ニューヒーロー高安は、このように声を弾ませていた。
今年に入って稀勢の里(30)が横綱昇進、奇跡の逆転優勝。それに続き、夏場所で3場所連続2ケタの11勝を挙げ、技能賞を受賞した弟弟子の高安(27)が大関に昇進した。

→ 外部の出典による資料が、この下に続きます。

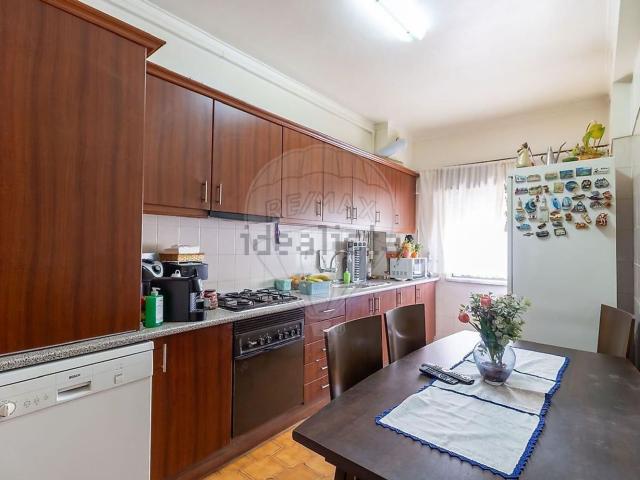 Apartamento venda em Quinta dos Lirios, Seixal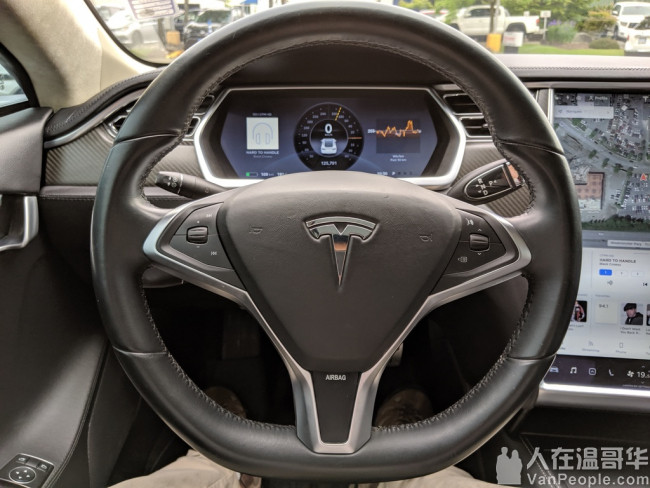清仓大特惠!!!2013 白色TESLA P85 !!~ 非常实惠!!!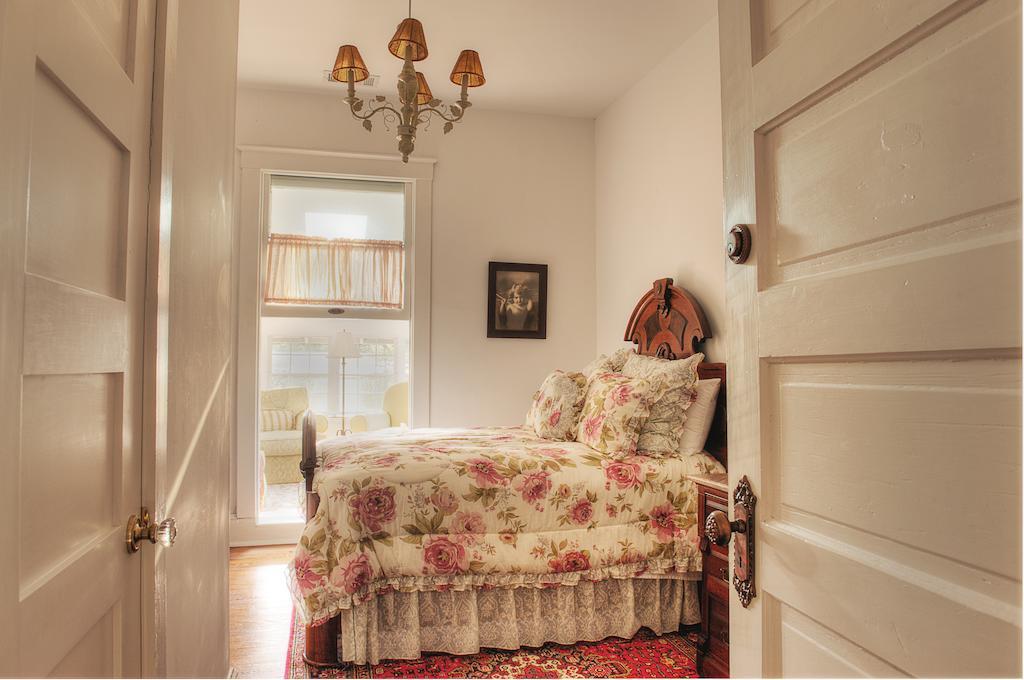 The Jackie O' House Bed And Breakfast 콜럼버스 객실 사진
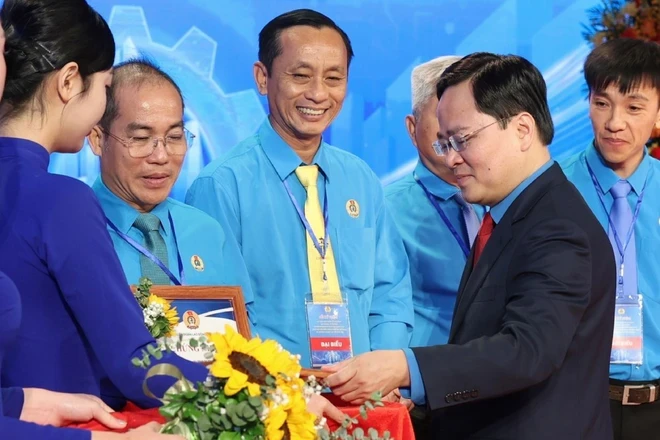 Chủ tịch công đoàn cơ sở xuất sắc là hiện thân của lớp cán bộ công đoàn thời kỳ mới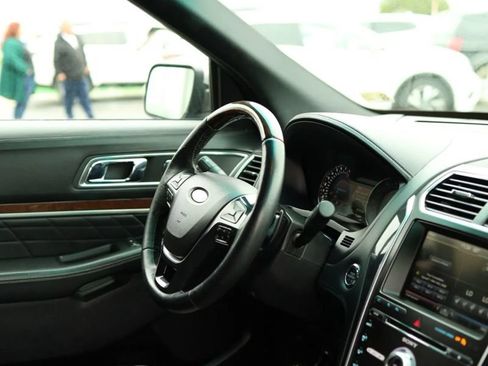 Used 2016 Ford Explorer Platinum AWD/4WD image 43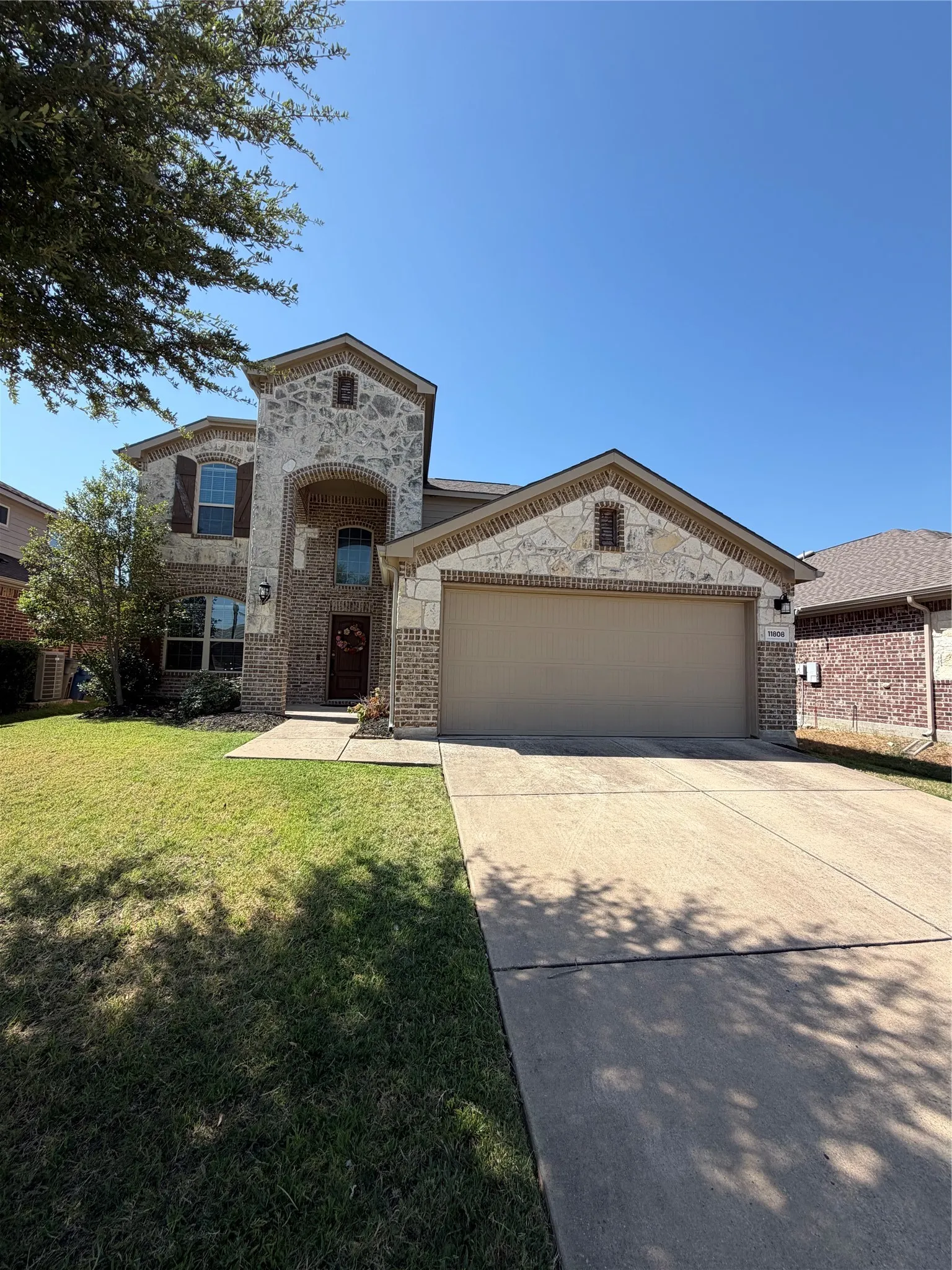 Single Family Residence For Rent in Denton County , 11808 Kurth Drive, Frisco, Texas 75036, 4 Bedroom, 3 Bathroom, 2 Garage spaces, 2,573 Sqft, built in 2015, Price $3,000, mls#21358982, Real Estate Agent in Frisco, Homes For Rent in Denton county, Homes For Rent in Frisco, Realtor in Frisco Texas, Real Estate Brokerage Independent Realty Texas, Luminita Cordes Realtor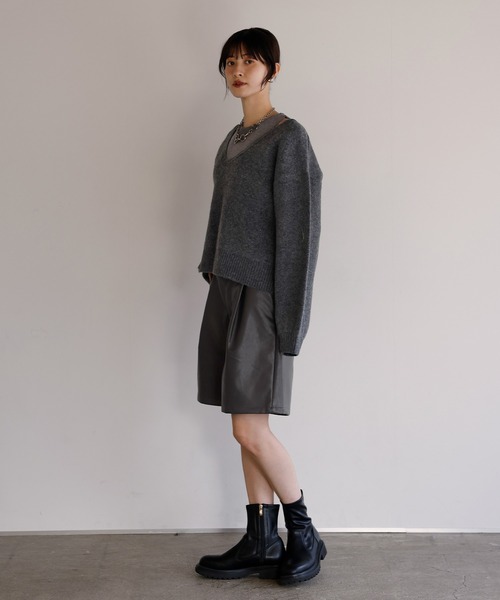 shetila(シェティラ)の「【2点セット】大人のレイヤードニット Vネックニット×タンクトップ(ニット/セーター・レディース・チャコール/ブラウン/グレイッシュベージュ/ブラック・M)」の17枚目の写真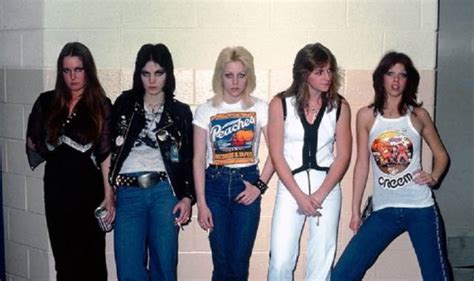 The Runaways Discography Line Up Biography Interviews Photos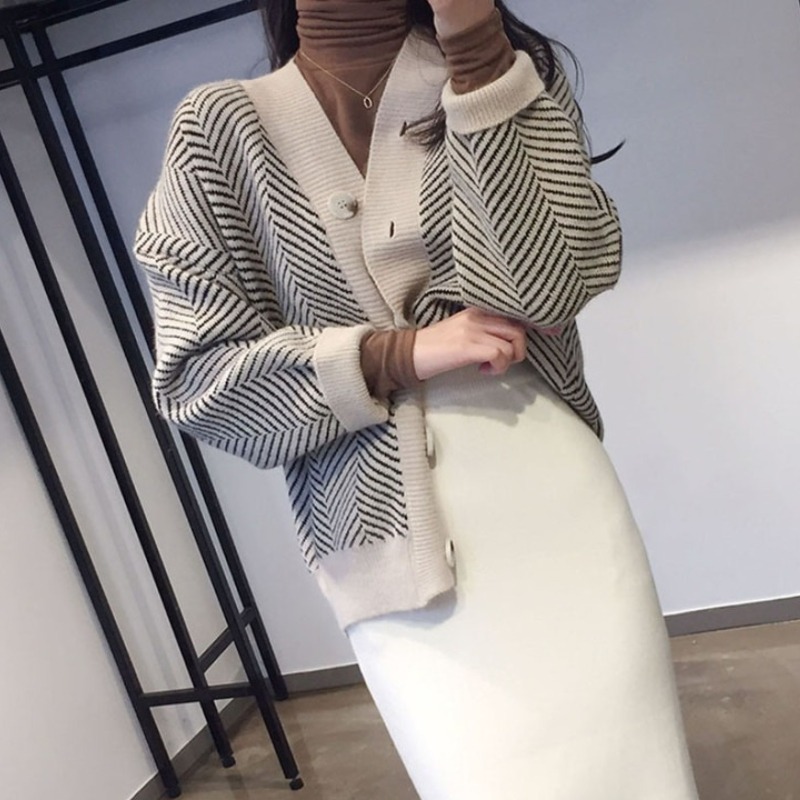 Autumn Winter Fashion Striped  - Vintage Fashion Knitwear ulasan dan harga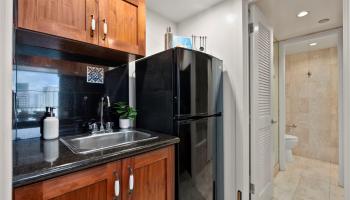 Royal Garden At Waikiki condo # 2108, Honolulu, Hawaii - photo 3 of 25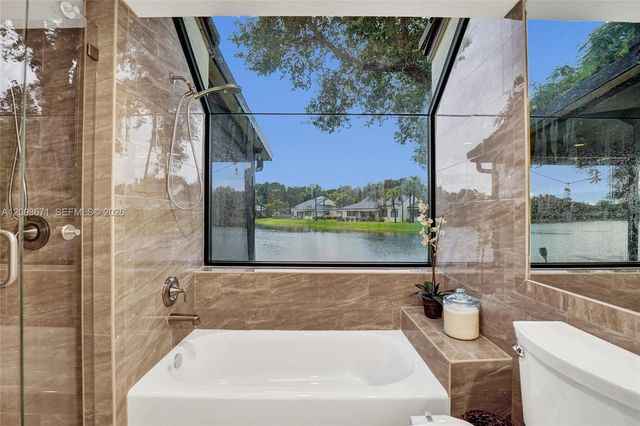 465 NW 95th Avenue, Plantation, FL 33324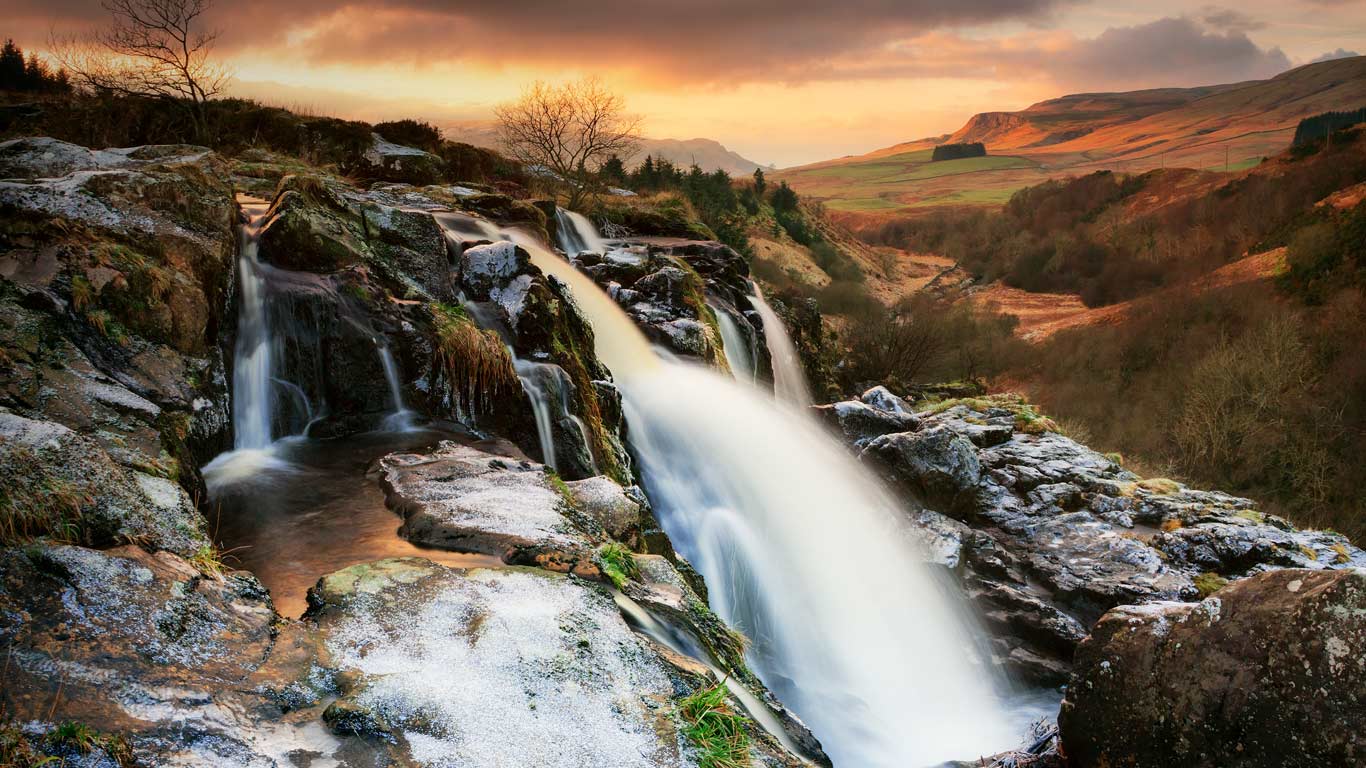 Loup of Fintry waterfall on the River Endrick, Scotland (© Damian Shields/Offset)(Bing United Kingdom)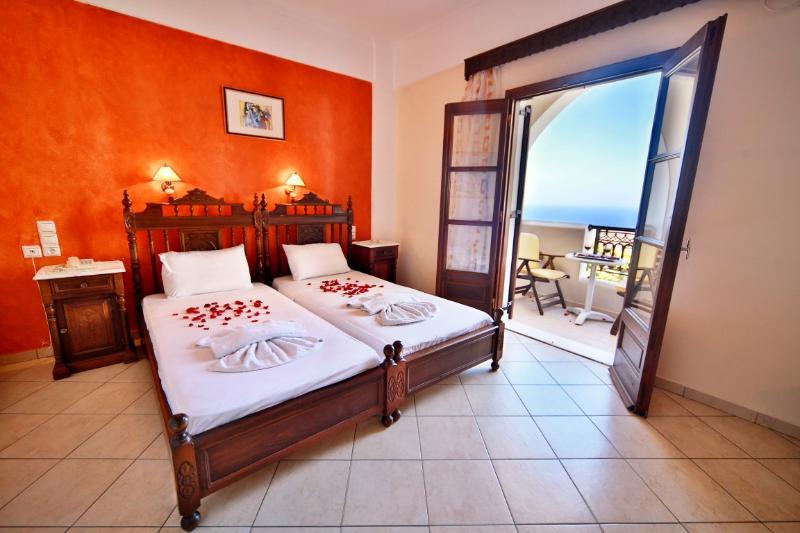 B Suites Фира Екстериор снимка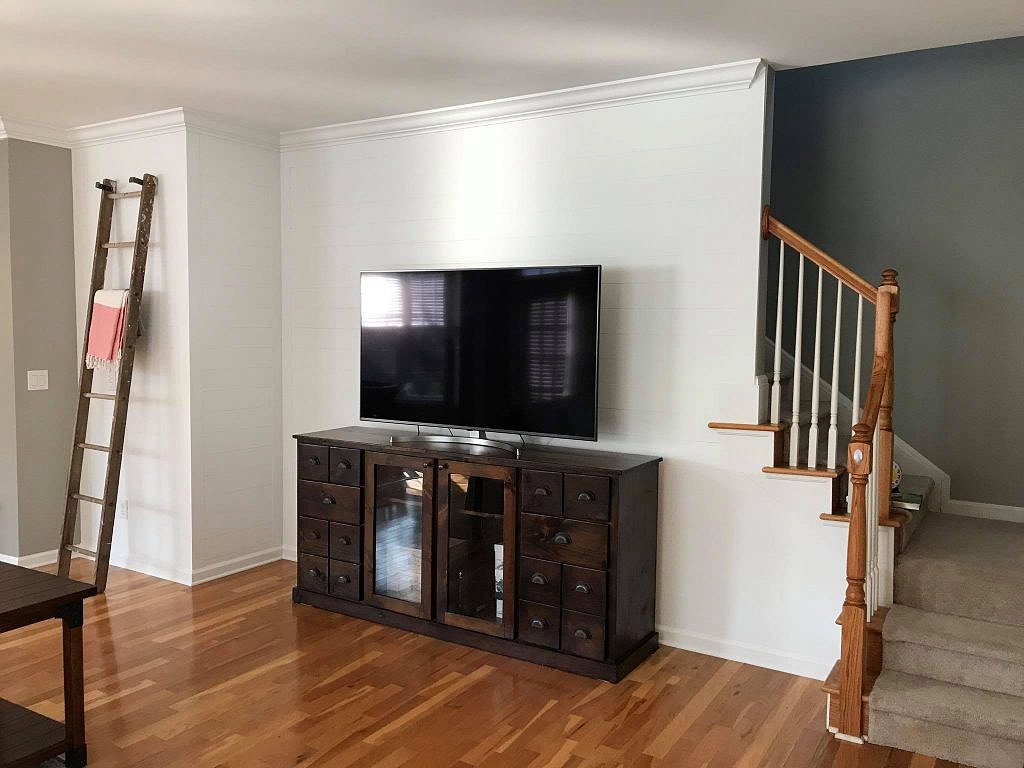 Shiplap Walls and Crown Molding Installation near Peachtree City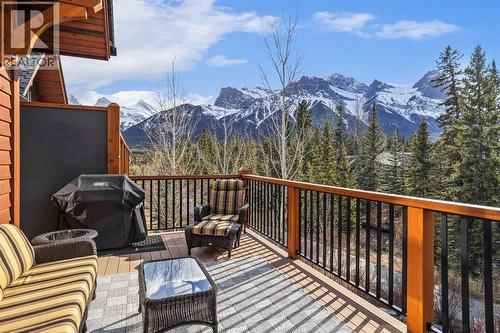 7 Creekside Mews, Canmore, AB - Outdoor With Deck Patio Veranda With Exterior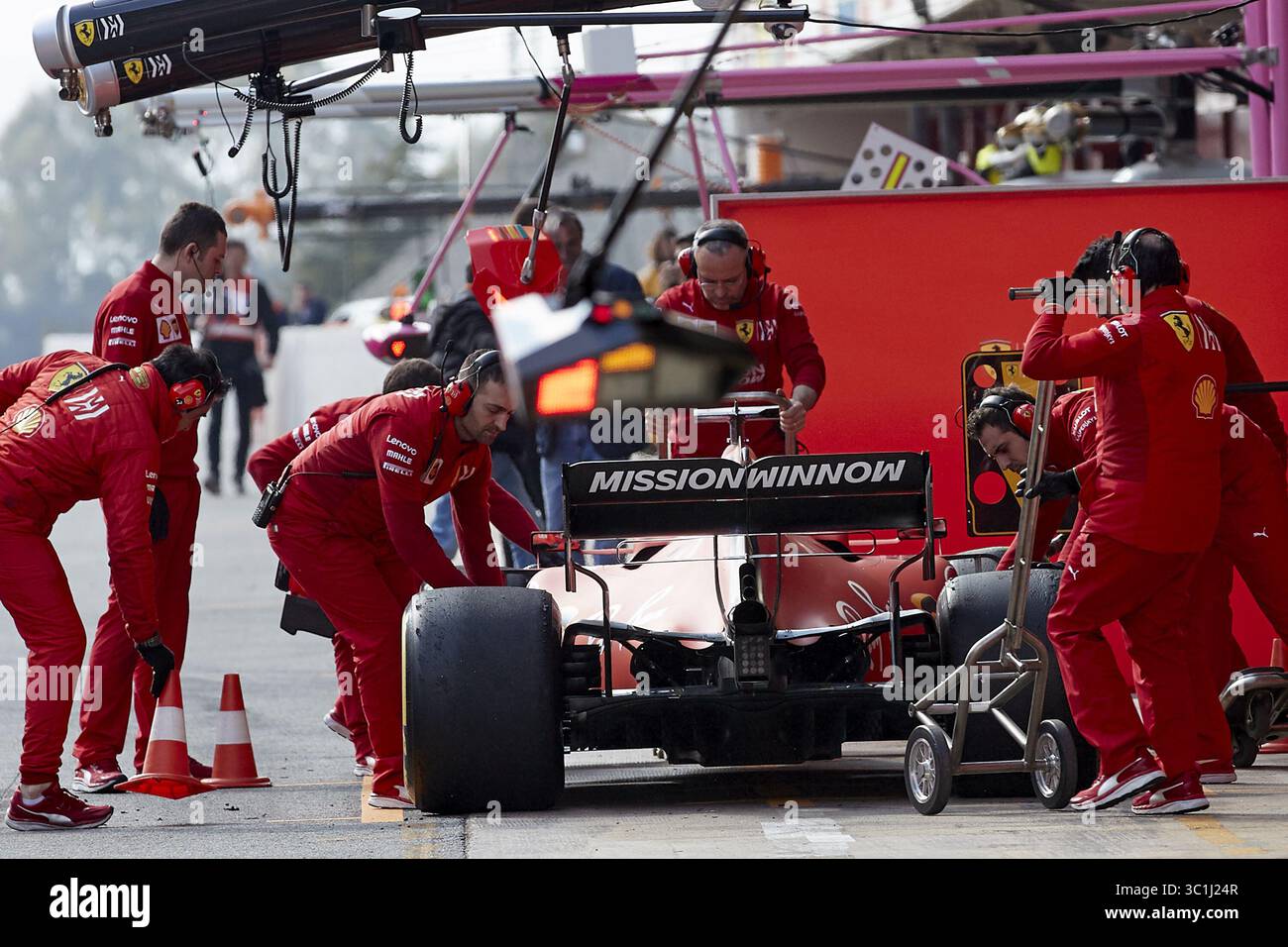 19 febbraio 2019 - Spagna - Charles Leclerc (Scuderia Ferrari Mission Winnow) visto durante i test invernali sul Circuit de Catalunya di Montmelo (immagine di credito: © Fernando Pidal/SOPA Images via ZUMA Wire) Foto Stock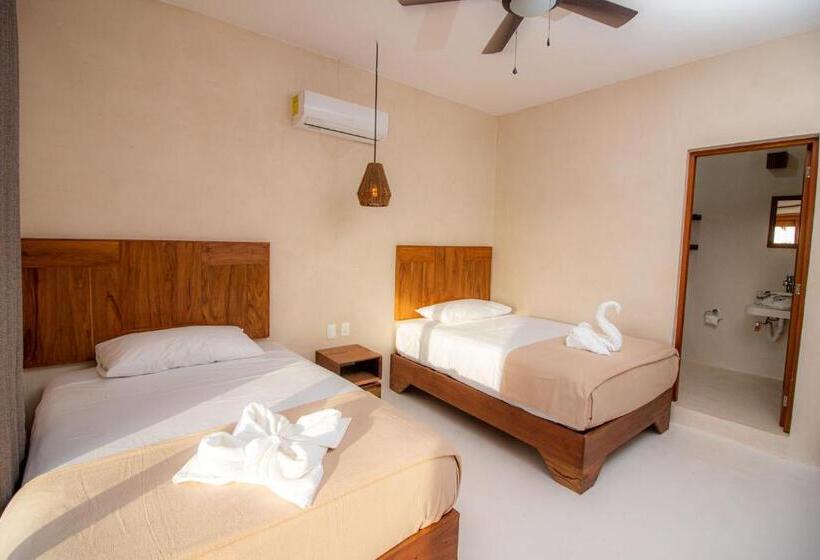 Отель Luna Roja Holbox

師匠の田子ノ浦親方(元幕内隆の鶴)をはじめ、部屋関係者も笑いが止まらないといったところだろう。
稀勢の里も、高安も、6年前に急逝した先代師匠(元横綱隆の里)が手取り足取りしながら一から育て上げた力士だ。
「もし生きていたら、『どうだ、オレの育て方は間違っていなかっただろう』と胸を張り、どんなに喜んだことか」(関係者)
また、高安の父親である栄二さんも、息子の大関昇進が決定的になった時、
「甘えん坊だった私たちの子供を、あたたかく、また厳しく育て、心の折れない強い人間にしてくれた先代の親方とおかみさんにお礼を言いたい」
と真っ先に感謝していた。
5月31日に行われた大関昇進伝達式会場には100人以上の報道陣が詰めかけ、その前で新大関は「大関の名に恥じぬよう、正々堂々、精進します」と口上を述べた。しかし、その場には、先代師匠の遺影はもちろんのこと、先代おかみの影も形もなかった。
そればかりではない。
「こんなことは、今回ばかりではありません。稀勢の里の横綱昇進の時も、先代おかみは姿を見せませんでした」
部屋関係者は声を潜めて話したが、いったい何があったのか。
実は先代おかみと田子ノ浦親方は、喧嘩別れ状態なのだ。部屋の経営をめぐって両者の仲が決定的になったのは、先代が亡くなって2年後のことだった。
「はっきり言って先代おかみは、実績もなく、機転も利かない田子ノ浦が気に食わなかったんですよ。そのため、田子ノ浦がケツをまくり、稀勢の里らとともに部屋を飛び出したんです。先代おかみからすると、稀勢の里も高安も、言わば裏切り者。素直に出世を喜ぶ心境じゃないんでしょうね」(担当記者)
稀勢の里と高安、2人が先代おかみの守る先代師匠の位牌に昇進を報告する日は訪れるのだろうか。複雑な“大人の事情”は解かれることなく絡まりあったままだ。